Глава 16 Послушайте, как поют птицы!

We use cookies. Read the Privacy and Cookie Policy

Глава 16

Послушайте, как поют птицы!

— Эдит? Здравствуйте. Это Кен Уилбер.

— Кен?! Как поживаете? Очень рада слышать ваш голос!

— Эдит, мне грустно говорить об этом, но у нас плохие новости. У Трейи очень скверный рецидив, на этот раз — в легких и мозге.

— Какой ужас! Господи! Как я вам сочувствую.

— Эдит, вы ни за что не угадаете, откуда я звоню. И еще, Эдит: нам нужна помощь.

Не могу поверить, что я лежу в больнице уже десять дней и еще не начали делать химиотерапию. Мы прилетели в Бонн в понедельник, вечером поужинали в ресторане, во вторник утром я почувствовала себя странно, а во второй половине дня легла в Янкер-Клиник.
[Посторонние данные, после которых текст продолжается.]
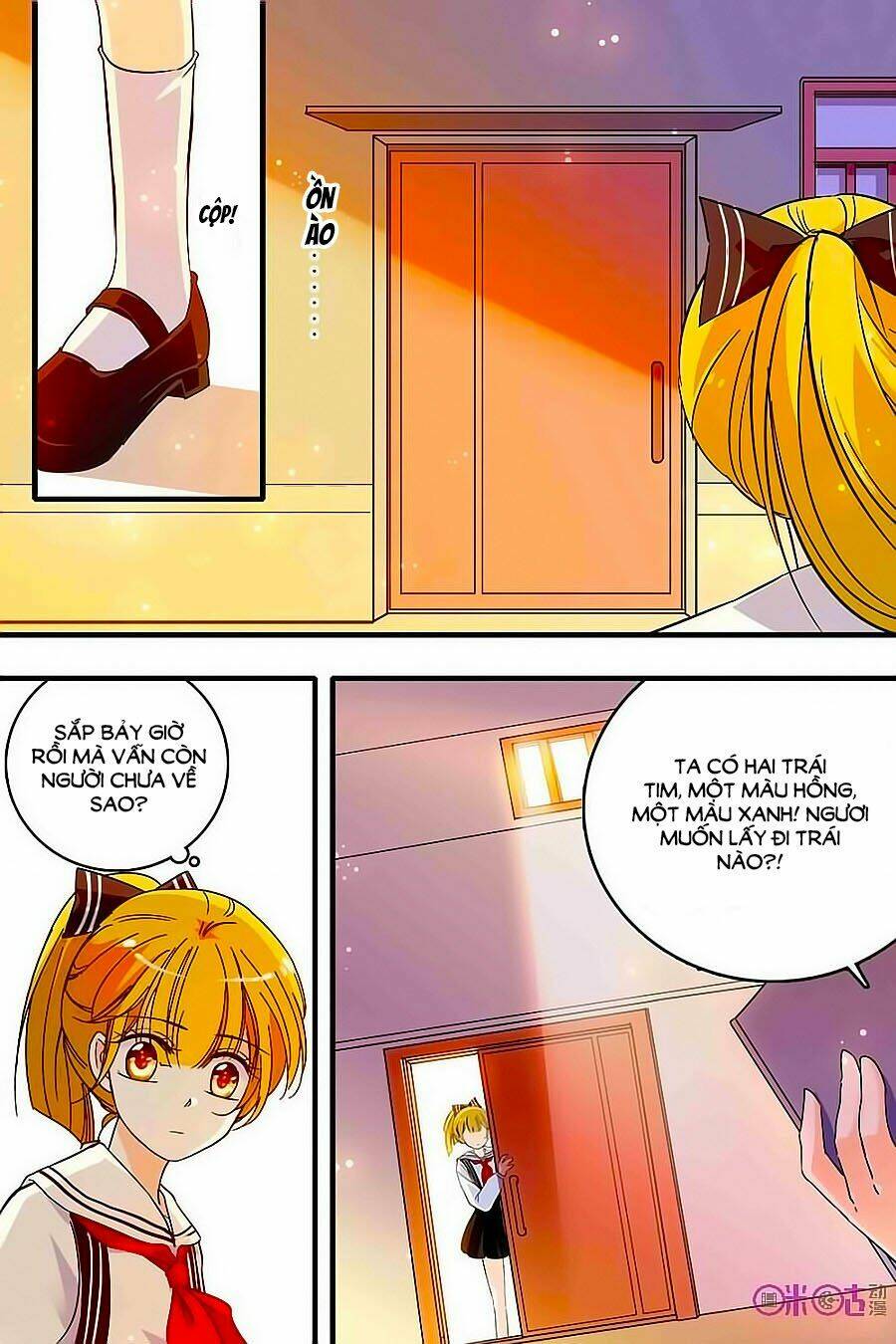 page_14.jpg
Я жутко простудилась, у меня была температура 39,8°. Еще не поправилась, и из-за этого они не могут начать химиотерапию — боятся, что разовьется пневмония, а это означает задержку почти на две недели.

Первую ночь я провела в палате, где лежали еще две женщины, обе немки. Они славные, и ни одна не говорила по-английски. Но одна из них храпела всю ночь, а вторая, по-видимому, решила, что если будет говорить по-немецки, но очень много, то я, может, что-нибудь и пойму, поэтому завалила меня немецким и болтала без умолку, даже ночью время от времени разговаривала сама с собой.
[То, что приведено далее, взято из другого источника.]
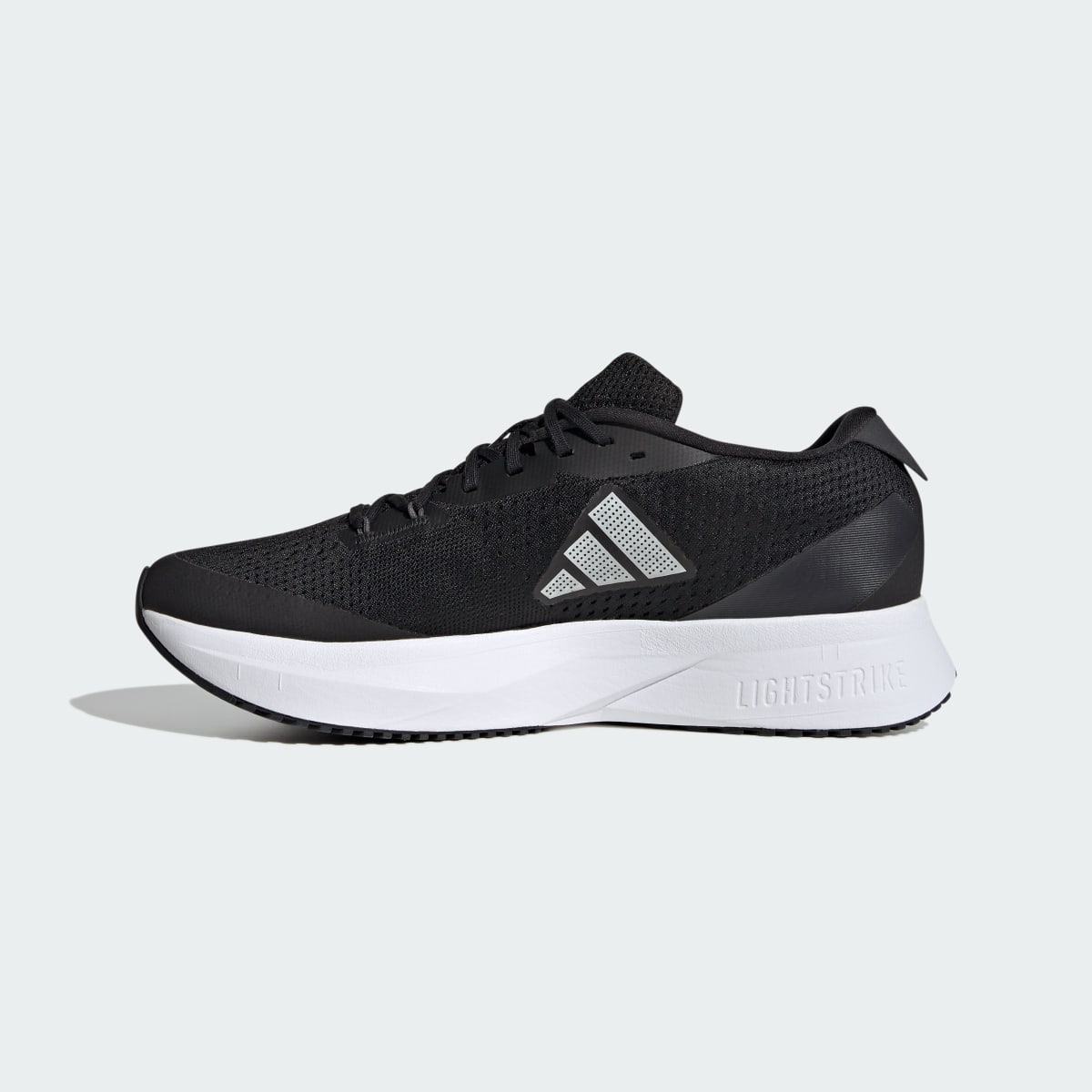 Adidas Adizero SL Wide Lightstrike Running Shoes. 7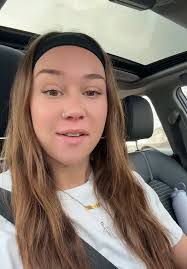 Mark 11:24 states: "Therefore I tell you, whatever you ask in prayer, ...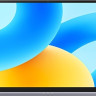 Планшет Huawei MatePad 11.5" BTK-W09 8GB/128GB (космический серый)
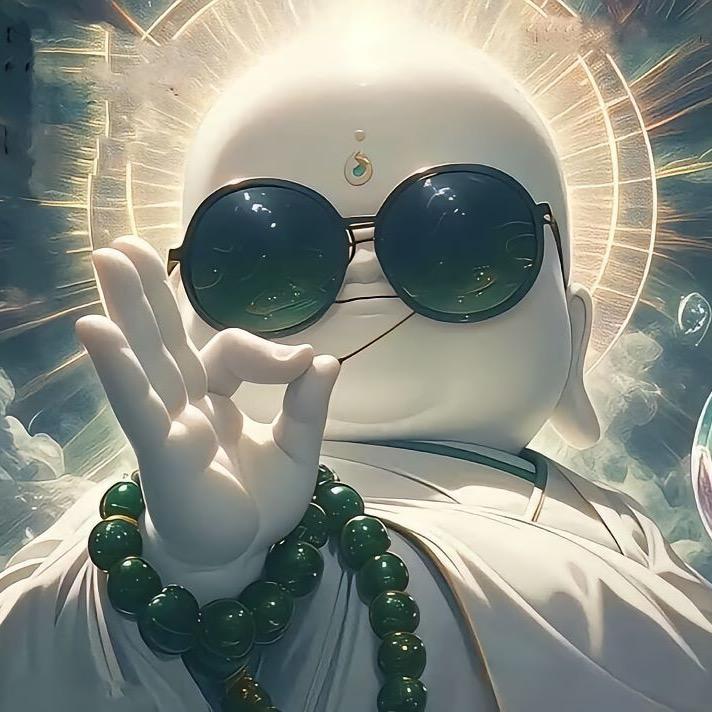 Μr·Сhén 〃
Каким-то образом доктор Шейеф, директор Янкер-Клиник, сумел найти для меня отдельную палату (там их всего две или три), и с той поры я чувствую себя на седьмом небе. Комната небольшая, по правде говоря, крохотная (2,5 на 4 метра), но она прекрасна.

Я была удивлена, как мало медсестер хоть немного говорят по-английски. Никто не владеет английским свободно, а большинство вообще не знает ни слова. Мне немного стыдно, что я не говорю по-немецки; объясняю всем, что я знаю французский и испанский, извиняясь за свое полное незнание немецкого.
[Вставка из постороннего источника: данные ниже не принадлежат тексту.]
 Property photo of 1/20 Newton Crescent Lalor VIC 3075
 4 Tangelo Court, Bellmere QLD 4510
В первый вечер разговорчивая немецкая леди повела нас с Кеном в кафетерий; ужин там с 16.45 до 17.30. Еда чудовищная. Как правило, на завтрак и на ужин — холодные закуски: кусочек сыра, кусочек ветчины, кусочек мяса плюс всевозможные изделия из пшеничной муки, которые мне нельзя из-за диабета. Время от времени на обед дают горячее мясо и картошку. Этим ограничивается местный ассортимент. Но мне с моей диетой нельзя ничего из этого. Ну что же это творится во всем мире с больничной едой? Кен стал вслух размышлять, на чьей совести больше трупов — больничных врачей или больничных поваров.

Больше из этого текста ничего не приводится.